The road on which internet conjecture starts is broad and easy; it is the Coquihalla Highway of inflated crisis.

Spend enough time in this line of work and you learn to stop caring about mischaracterisations. Any idea, once you hit send, once you hit post, once it hits a newspaper or the airwaves, it no longer belongs to you; it’s someone else’s to spin, aggregate, and relitigate. The same can be said of a name or the names attached to one’s name.

In the case of the final stretch of the B.C. Conservative leadership race, which wrapped up on a sunny Saturday night at the Rocky Mountaineer in East Vancouver, something funny happened along a road that ultimately ended in a railyard’s event space: the Kerry-Lynne Findlay (KLF) campaign stormed forward from the middle of the pack, unbowed by eleventh-hour scandal, emboldened by a strong organising effort on Vancouver Island, the North, and in the Interior, and unabashed in amassing a veritable Twitter army of independent media, journalists, influencers, and sh*t-posters, many of whom were implying that the fix was in against the ‘grassroots’ of the party.

The win was earned on merit. The result is not in question.
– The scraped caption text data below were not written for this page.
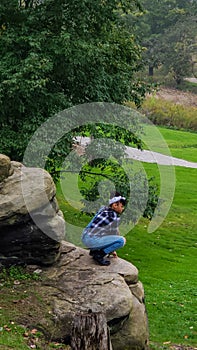 Teenage girl sitting on a edge of a cliff in the park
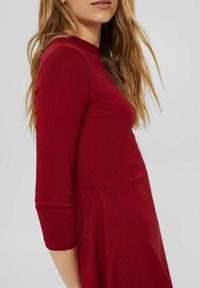 Rotes Kleid mit enganliegendem Oberteil, Rundhalsausschnitt und Dreiviertelärmeln. Das Material erscheint weich und dehnbar, mit einer glatten Textur.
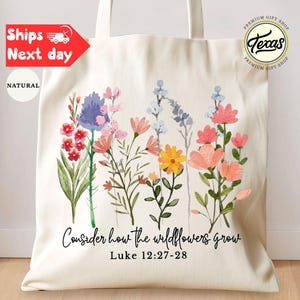 May include: A natural canvas tote bag featuring a watercolor floral design in shades of pink, purple, yellow, and blue. The text "Consider how the wildflowers grow" and Bible verse Luke 12:27-28 are printed below the flowers. The bag has two handles.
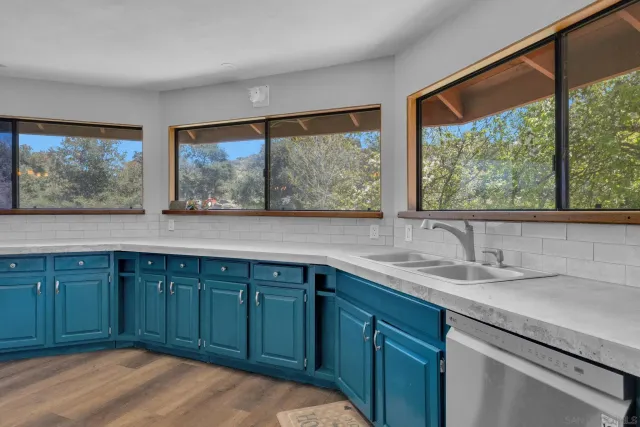 a large kitchen with a table and chairs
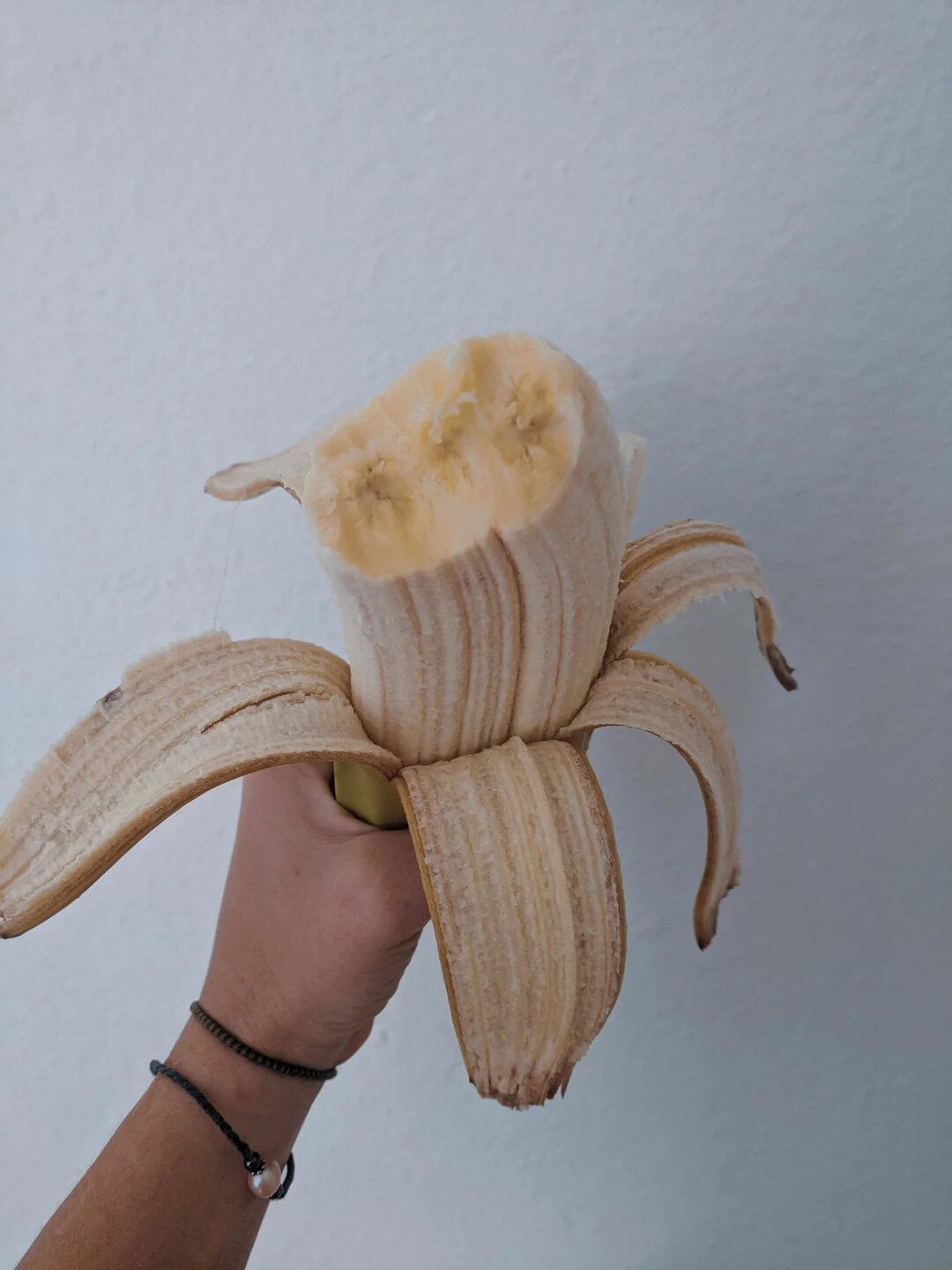 Banana peeled to reveal the inside, held by a hand against a plain wall.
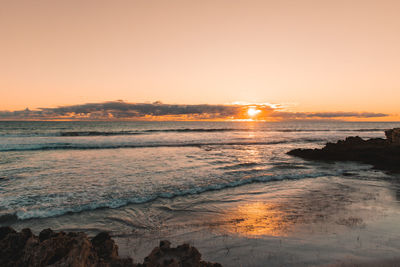 Scenic view of sea against sky during sunset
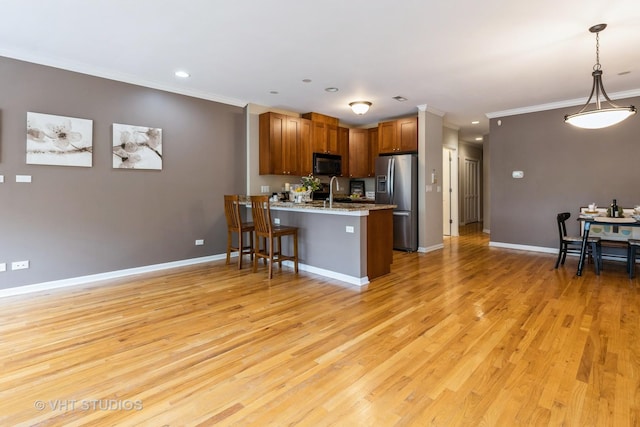 934 W Cuyler Ave Unit 2D, Chicago, IL 60613 - kitchen with black microwave, stainless steel refrigerator with ice dispenser, a peninsula, light wood-type flooring, and ornamental molding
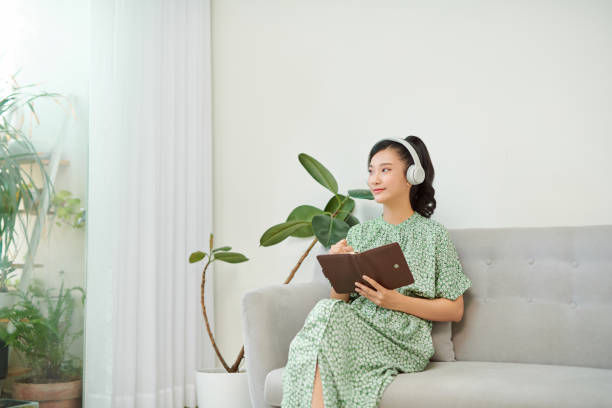 istock mage of focused asian woman using headphones and writing down notes while sitting on sofa at home 1274870812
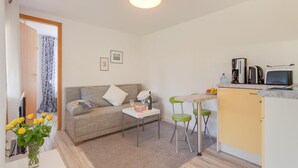 Un espacio habitable compacto con sofá, una mesita, kitchenette y comedor con sillas.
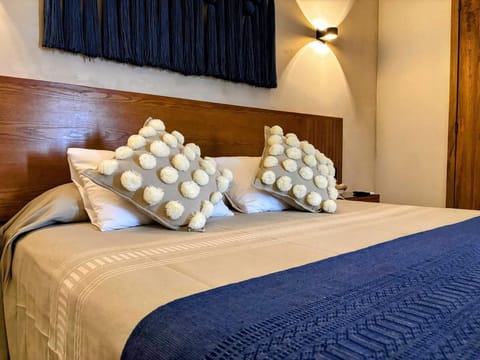 Deluxe Suite, 1 Bedroom, Air conditioning, Beach View | Minibar, in-room safe, blackout drapes, free WiFi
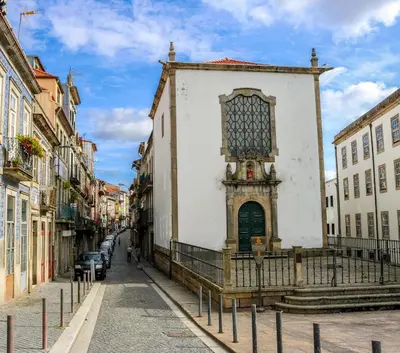 a white building with a window on a street at Bluetile Sol Apartment in Porto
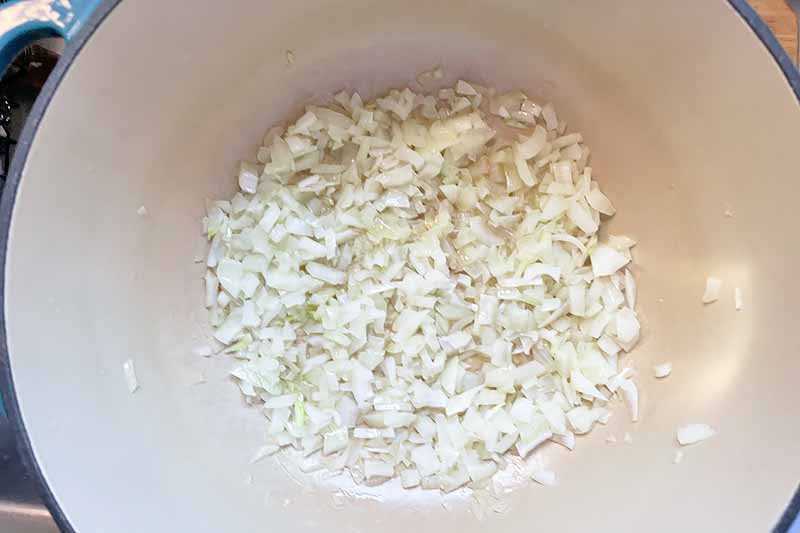 Horizontal image of sweating onions in a pot.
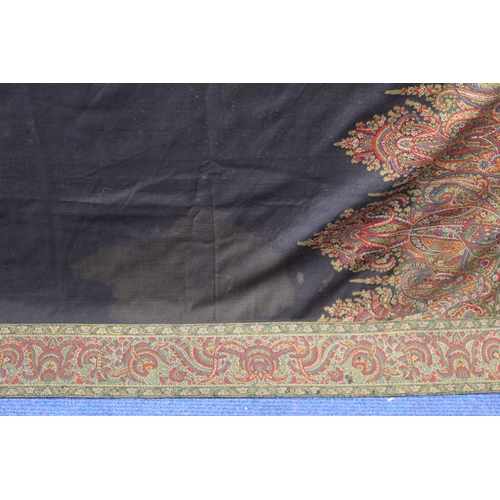 412 - Large Victorian paisley wool shawl, the black field with woven polychrome borders of boteh, some dar... 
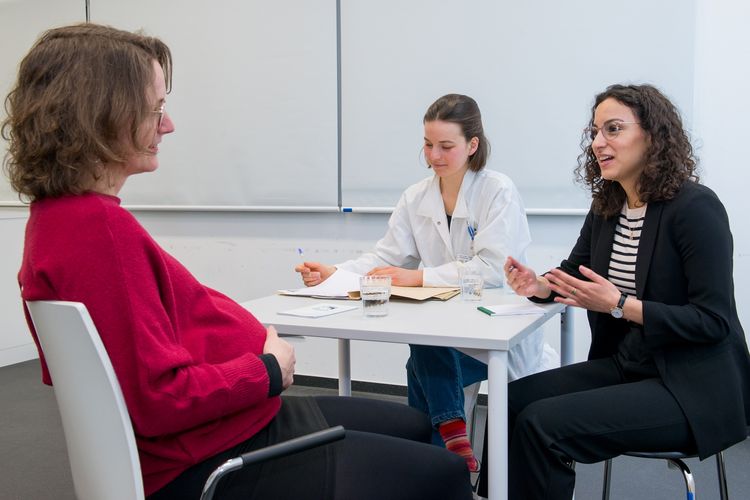 Drei Frauen sitzen um einen kleinen Tisch herum. Eine Frau ist schwanger und hört der Frau zu, die gerade mit ihr spricht. Eine weitere junge Frau trägt einen weißen Kittel und hat eine Akte aufgeschlagen vor sich liegen. Foto: Bodo Tiedemann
That unsanctioned—but not discouraged—communications Potemkin village, hastily assembled on supposed grassroots, leaves something to be desired.

71-year-old career politicians, with a decorated track record in federal cabinets and shadow cabinets, and with a sitting MLA for a husband, are not normally pitched to the public as plucky outsiders.

In fact, 40 percent of the supposed ‘establishment’, ‘B.C. Liberal’ vote broke for Findlay down-ballot, after what was also a tremendous showing on the first ballot.

That didn’t and hasn’t stopped all manner of Twitter users from claiming the party was brought back from the brink, stolen back from the elites who tried to steal it from them first. And yet, the B.C. Conservative Party, a party built by young activists and so well served by the leadership of Angelo Isidorou, Phil Dippenaar, Aisha Estey, and others, had just spent the month engaged in the kind of anti-corruption effort a party’s supporters should be proud of.